Interaction between stereotypes, expectations of success, and learning from failure
July 23, 2013 at 1:31 am 3 comments
An interesting study suggesting that role models and how they’re described (in terms of their achievements, or in terms of their struggles) has an interaction with students’ stereotypes about scientists and other professionals in STEM fields. So there are not just cognitive benefits to learning from failure, but there are affective dimensions to focusing on the struggle (including failures) and not just the success.
But when the researchers exposed middle-school girls to women who were feminine and successful in STEM fields, the experience actually diminished the girls’ interest in math, depressed their plans to study math, and reduced their expectations of future success. The women’s “combination of femininity and success seemed particularly unattainable to STEM-disidentified girls,” the authors conclude, adding that “gender-neutral STEM role models,” as well as feminine women who were successful in non-STEM fields, did not have this effect.
Does this mean that we have to give up our most illustrious role models? There is a way to gain inspiration from truly exceptional individuals: attend to their failures as well as their successes. This was demonstrated in a study by Huang-Yao Hong of National Chengchi University in Taiwan and Xiaodong Lin-Siegler of Columbia University.
The researchers gave a group of physics students information about the theories of Galileo Galilei, Issac Newton and Albert Einstein.
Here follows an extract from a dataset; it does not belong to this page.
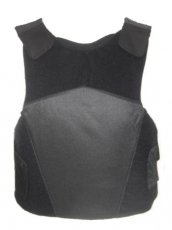 Ares kogelwerende vesten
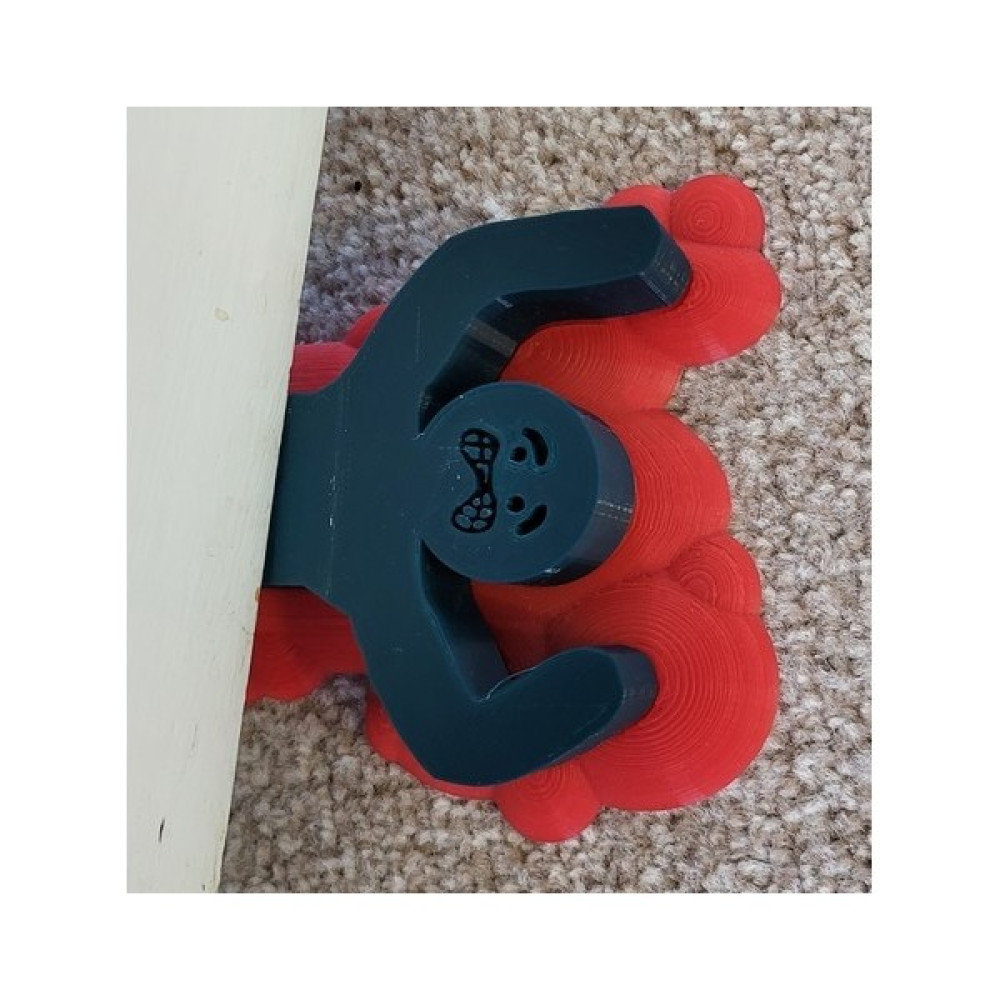 minikbahçem Mr. Door Stop Kapı Stoplayıcı Kapı Tutucu Kapı Altı Takozu Kapı D Nalburiye & Hırdavat Fiyatı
A second group received readings praising the achievements of these scientists. And a third group was given a text that described the thinkers’ struggles. The students who learned about scientists’ struggles developed less-stereotyped images of scientists, became more interested in science, remembered the material better, and did better at complex open-ended problem-solving tasks related to the lesson—while the students who read the achievement-based text actually developed more stereotypical images of scientists.
via why you’re choosing the wrong role models.
Entry filed under: Uncategorized. Tags: BPC, educational psychology, learning sciences, NCWIT, STEM, stereotype threat.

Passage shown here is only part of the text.